My cofounder quit the day we got our email to interview and wouldn't budge no matter how much I tried to reason, cajole, or beg him to change his mind. At the time I played a weekly poker game hosted by a bunch of YC founders and I still remember walking in with two bottles of champagne in my hand that I bought before I got the breakup text and announcing "guys, I've good news and bad news and reason to drink either way".

I don't blame him at all. We had built up a ton of great chemistry working together for 6+ months but it was on a startup that flamed out with a firesale acquisition and he wanted more stability, especially with his wife grueling away at a residency to pay for their mortgage.

I still think it was a mistake though and not just on his part. He was my Woz and I would've gone to greater lengths to get him to stay if I truly had the Jobs zeal.


I bet you'll never forget the memory and ironic imagery of walking in with celebratory champagne for a startup that lost one of its founders to a room full of founders.

Also, would love an opportunity for a seat at one of those poker games.


Yeah, I miss that game. It ran for a couple of years before everyone moved on but a couple of us are thinking of putting it back together. Ping me at my HN username at gmail and I'll let you know.

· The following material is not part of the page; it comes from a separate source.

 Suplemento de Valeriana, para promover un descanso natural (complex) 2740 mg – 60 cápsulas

This is one of the most inspirational posts I've read by any Entrepreneur and it's the character that you show by being able to follow through with the interview and then to write this post that tells me they made the right decision in picking you.

I happen to know of Sift Science and I feel its one of the stronger products in the valley today, but that said, even if I did not know your company at all I'd be rooting for you even more after reading this.

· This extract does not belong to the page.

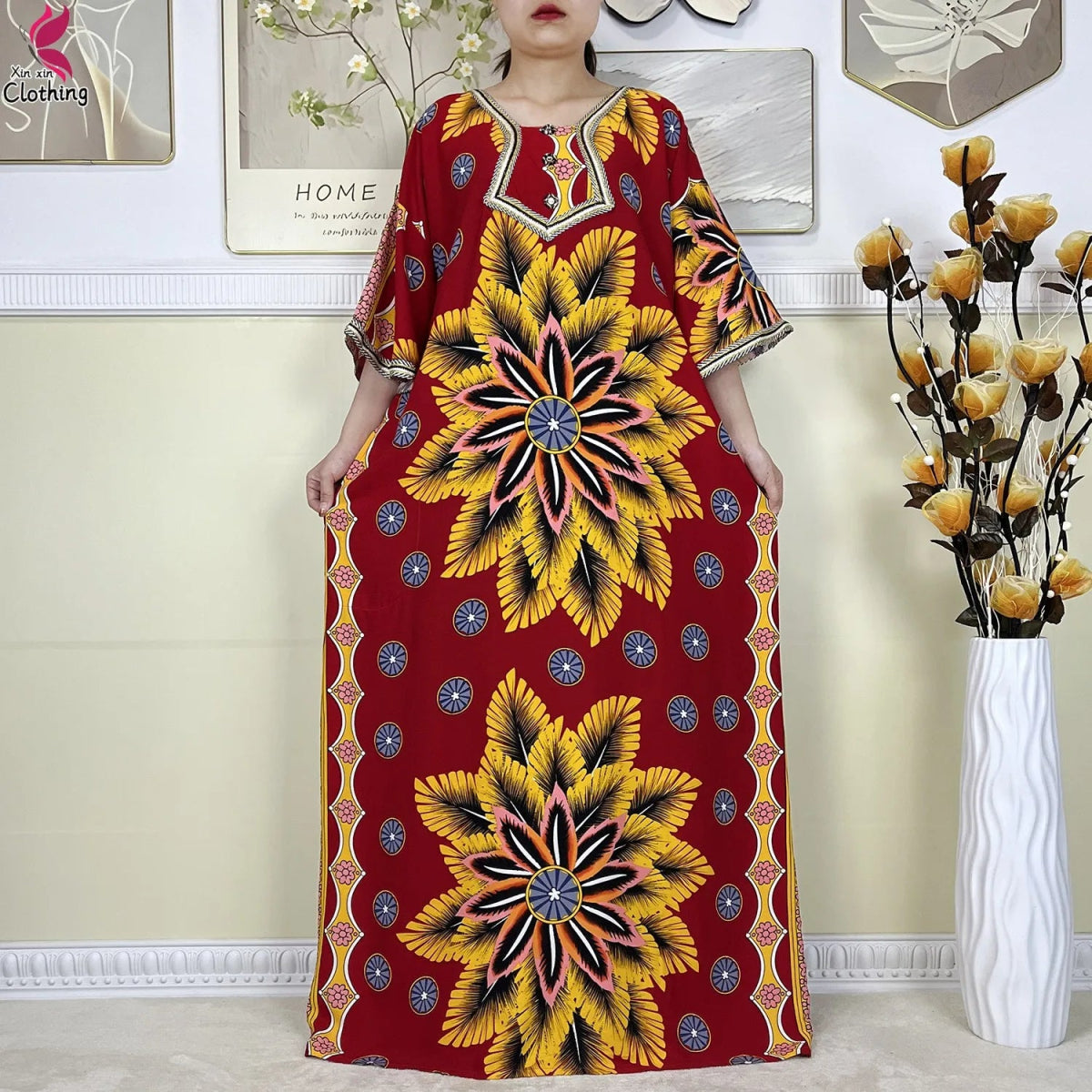 New Style High Quality Muslim Abayas For Women Dress 100%Cotton Dubai Fashion Pocket Printed African Dashiki Femme Loose Dress - Free Delivery Worldwide only at Flexi Africa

The good ones know exactly what to say ... The great ones say exactly what should be said, mostly without even knowing it.

Thanks for this post Brandon


Is this what HN has become? Almost the whole lot of comments concentrated on the lack of backup, and how he should have used dropbox or a USB Stick etc.

Come on folks, one or two comments are probably enough. Lets move on.


Nice story but seriously ?:

> Six days before the interview, my laptop crashed and we lost our entire demo.

No backups, svn/git/vcs, Dropbox, a USB drive?

Losing a partner is a difficult thing in business. Losing your code is just silly.


Yeah, not having a backup was totally stupid. Although, to be honest, it probably wouldn't even make my top 10 list of mistakes nowadays. Starting a startup tends to increase the number and magnitude of both your successes and failures.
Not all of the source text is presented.